The faults that occurred and the further risk required a major change in the County route known as Ocean Boulevard, which then ran in front of Eastpointe. It was forever closed to through traffic, and what had been a 40-foot wide road was reduced to a l6-foot access road used only for access to Eastpointe. In 1982, a new Boulevard section was constructed to swing farther south, away from Eastpointe; the cost was an estimated $280,000, paid by County taxpayers.

* Second, efforts began in 1986 to protect a l3-acre triangle of beach, dune, wetland and cliff along the bayshore coast directly below Mount Mitchill, at the Atlantic Highlands / Highlands border. The cliff is the toe of a slumped block of soils from the slopes of Mount Mitchill that gave way in 1782 (see above). In 1986, a developer's plan to build 400 Town houses beside the toe of the slumped land raised the specter of additional slump blocking, as well as obliteration of a scenic and recreation area.

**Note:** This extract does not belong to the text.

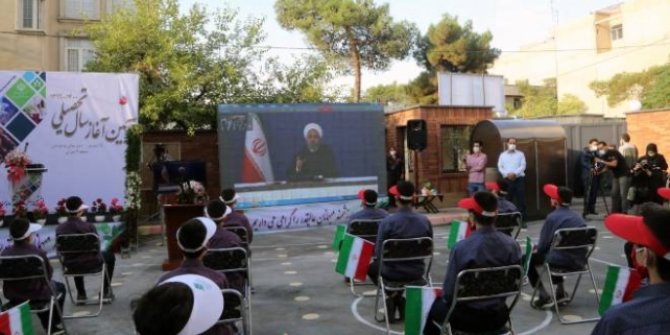 İran'da yeni eğitim yılı COVID-19 gölgesinde başladı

The history and continuing risk of slumping were among the counts in legal actions aimed at stopping the project, which New Jersey Superior Court decided to do. Finally, after long efforts to acquire and protect this beachfront, it became a County park in 1997. In the year 2000, it was named Popamora Point -- a site on the Bayshore Trail which is being developed between the Atlantic Highlands harbor and the border of the Highlands. (Popamora was the chief of the Lenape people in 1664 when he signed a land sale deed with English settlers for the entire

peninsula between the Ocean and Keyport.)

* Third, between the beachfront park at the foot of Mount Mitchill and the Scenic Outlook park at its top are steep slopes which eventually reach 266 feet above mean sea level. Steps have also been taken to ensure public protection of that slice of these fragile land's-end slopes, which have a long history of slumping. The County bought and demolished four houses -- one at the top, one in the middle and two nearer the bottom of the slope leading down from the Scenic Overlook park. Clearing away these structures allowed the County to institute uniform measures to protect soils and vegetation, eliminate impervious cover, and close off public access on the steep slope there.

 

The case of Cameron Circle in the 1970s

Minard's 1974 USGS report mapped one slump block in the area below Cameron Circle / Eyrie Road in Atlantic Highlands and noted problems arising from excavation and construction work for a sewer outfall pipeline along the bayshore. Between 1972 and 1976, homeowners there experienced slump blocking, property loss and structural damage, attributed to the construction. Eleven homes and backyards were affected; one homeowner's porch collapsed and others had to jack up sagging floors. The residents blamed installation of the sewerage pipe at the cliff base for damming underground water and starting the slumping. Three lawsuits by homeowners were entered in New Jersey Superior Court seeking $500,000 in damages from the builder. The Monmouth county Bayshore outfall Authority.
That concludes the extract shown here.